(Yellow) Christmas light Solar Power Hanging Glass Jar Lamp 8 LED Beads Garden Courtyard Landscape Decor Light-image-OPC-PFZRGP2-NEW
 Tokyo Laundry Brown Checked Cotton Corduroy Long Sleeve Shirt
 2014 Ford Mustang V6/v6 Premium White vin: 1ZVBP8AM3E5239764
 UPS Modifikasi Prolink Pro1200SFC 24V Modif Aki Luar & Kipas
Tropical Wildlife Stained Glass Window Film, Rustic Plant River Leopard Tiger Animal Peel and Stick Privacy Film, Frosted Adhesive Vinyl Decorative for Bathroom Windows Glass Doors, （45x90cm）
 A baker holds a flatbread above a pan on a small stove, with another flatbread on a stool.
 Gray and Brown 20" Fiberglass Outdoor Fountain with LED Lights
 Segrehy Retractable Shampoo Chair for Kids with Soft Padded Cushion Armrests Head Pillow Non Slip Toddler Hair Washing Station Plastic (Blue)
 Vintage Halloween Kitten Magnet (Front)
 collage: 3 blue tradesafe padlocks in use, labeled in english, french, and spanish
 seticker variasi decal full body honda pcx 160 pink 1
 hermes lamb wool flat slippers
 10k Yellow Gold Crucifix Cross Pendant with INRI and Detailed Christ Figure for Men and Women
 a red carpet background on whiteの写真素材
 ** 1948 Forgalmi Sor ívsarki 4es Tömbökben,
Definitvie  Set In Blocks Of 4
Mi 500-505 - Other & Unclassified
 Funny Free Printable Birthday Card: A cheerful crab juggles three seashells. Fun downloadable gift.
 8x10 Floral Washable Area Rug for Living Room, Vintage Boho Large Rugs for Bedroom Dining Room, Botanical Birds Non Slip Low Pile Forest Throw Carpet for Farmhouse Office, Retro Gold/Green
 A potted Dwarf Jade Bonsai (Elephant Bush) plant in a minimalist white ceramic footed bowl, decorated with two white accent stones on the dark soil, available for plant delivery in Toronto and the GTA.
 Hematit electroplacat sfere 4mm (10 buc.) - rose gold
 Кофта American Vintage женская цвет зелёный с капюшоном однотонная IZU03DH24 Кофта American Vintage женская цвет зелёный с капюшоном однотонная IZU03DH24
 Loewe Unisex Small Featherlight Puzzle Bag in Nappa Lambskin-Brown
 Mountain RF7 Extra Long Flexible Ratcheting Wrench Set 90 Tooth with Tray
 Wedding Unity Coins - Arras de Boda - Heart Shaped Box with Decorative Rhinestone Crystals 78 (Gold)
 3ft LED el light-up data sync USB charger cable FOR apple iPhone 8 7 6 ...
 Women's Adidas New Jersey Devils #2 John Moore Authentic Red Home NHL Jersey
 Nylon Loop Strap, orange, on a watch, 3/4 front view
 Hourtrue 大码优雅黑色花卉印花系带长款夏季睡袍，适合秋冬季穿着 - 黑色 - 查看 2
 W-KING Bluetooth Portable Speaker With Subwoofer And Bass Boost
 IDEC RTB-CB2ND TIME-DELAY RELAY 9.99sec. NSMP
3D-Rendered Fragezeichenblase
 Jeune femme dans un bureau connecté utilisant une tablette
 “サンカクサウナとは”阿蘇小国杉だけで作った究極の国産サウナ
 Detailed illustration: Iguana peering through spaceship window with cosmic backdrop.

━━━━━━

■ **Task statement**: Both end lines included, restate word for word the lines above from the line with "Loewe Unisex Small" to the line with "Wedding Unity Coins", and nothing else.

■ **Solved exercise**:
 Loewe Unisex Small Featherlight Puzzle Bag in Nappa Lambskin-Brown
 Mountain RF7 Extra Long Flexible Ratcheting Wrench Set 90 Tooth with Tray
 Wedding Unity Coins - Arras de Boda - Heart Shaped Box with Decorative Rhinestone Crystals 78 (Gold)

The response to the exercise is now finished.